Could you tell me how to use it in my code? What is the differences with this PR #1 ?
PR #1 has been merged. The result may be slightly different when generating long sequences, as I have used an approximation in the web mode to reduce the analysis cost and the web response time. However, when the sequence length is small, the result remains the same. Rest assured, I have tested the difference between them and it is less than 1%.
PR #1 has been merged. The result may be slightly different when generating long sequences, as I have used an approximation in the web mode to reduce the analysis cost and the web response time. However, when the sequence length is small, the result remains the same. Rest assured, I have tested the difference between them and it is less than 1%.

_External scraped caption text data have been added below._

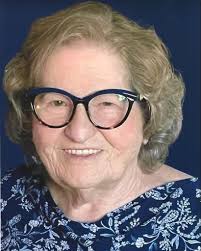 Doris Humphries Obituary January 28, 2024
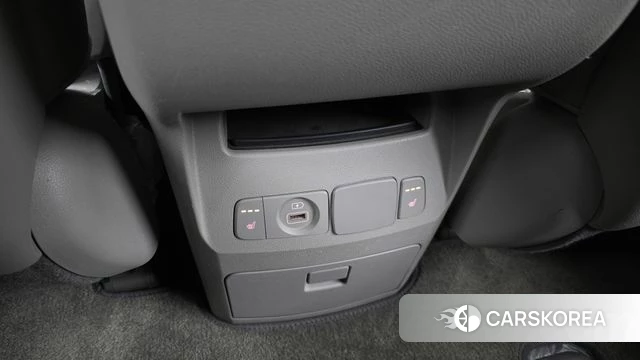 Kia The New Carnival id 3899644 из Кореи 10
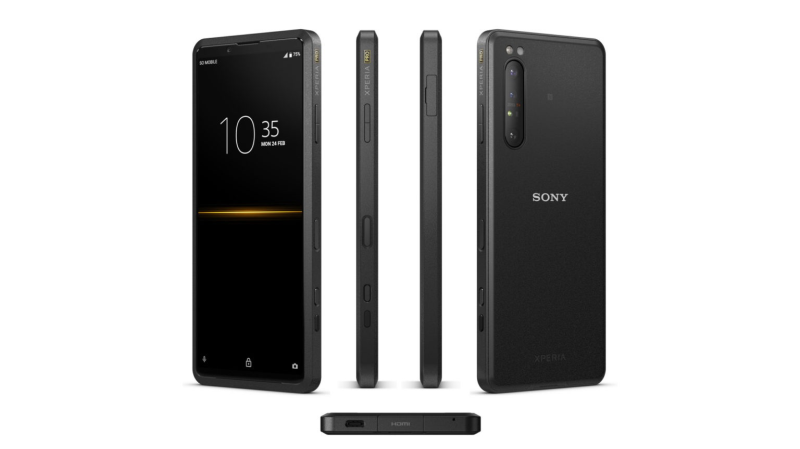 Sony gây sốc khi bán smartphone có cấu hình lỗi thời với giá cắt cổ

Thanks, could you provide an API in the codebase to use it using python?
If using your latest webview, we can see the latency for bs=64, in=512, out=512 is 8.2s
However, if I use the analyze_generate_task() API the latency is over 11s. nvidia_A100_80G: 1st token latency 1.4909548877801777, total latency 11.478970542701218, throughput 2854.6113850632005 Token/sec
My code is here #3
I have fixed the bug, the inconsistency between webview and cmd comes from the use_flash_attn flag.
I would like to get the throughput measured by (generated tokens)/(overall latency = prefill+decode elapse). Could you please provide an example of this?
The function analyze() dose not have a param as promp_len.